China's new government is deathly afraid of this outcome, hence the actions it took this week to pull liquidity out of the money markets. But this only serves to hurt the state-controlled banks, not the trusts, many of which get their cash from investors' wages, not the government. How then can the government stop the trusts? The best way is to ironically take a page from the U.S. and nationalize many of them and guarantee their payout to investors. This is obviously an expensive proposition given the size of the shadow banking system, estimated by Fitch to be some 60% of China's GDP, or around $4 trillion.
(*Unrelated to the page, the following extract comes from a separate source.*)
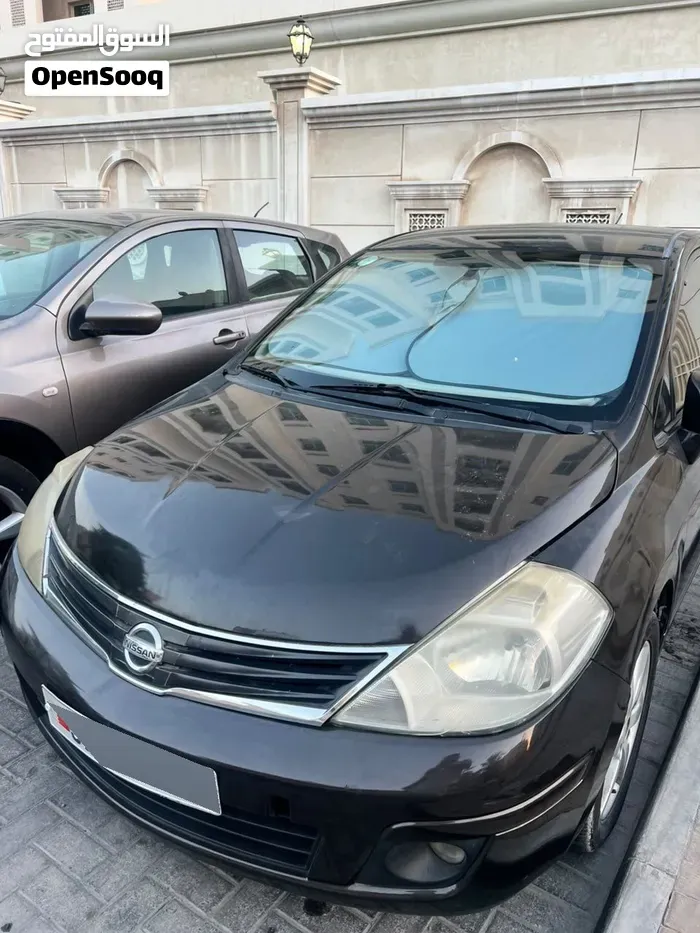 Nissan Tiida 2012 photo 2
Can China absorb such a hit? Well, first off, not all the trusts are worthless. If, say, 30% of the loans are bad, which would be equivalent to the percentage of loans that went bad in the last major Chinese banking crisis in 2000, then the government may be looking at around a $1.3 trillion bailout. The PBOC can easily print that cash no problem. Indeed the solution to curing this crisis isn't turning off the printing press, it is to ramp it up. But instead of funneling it to the banks, the cash needs to go to support the trusts before they fail. After the trusts are secured, China needs to finally get control of its financial system -- not by literally "controlling," it but by establishing or enforcing common sense regulations to protect investors from fraud. That means U.S.-styled disclosures, which, while not perfect, are better than whatever the Chinese have now.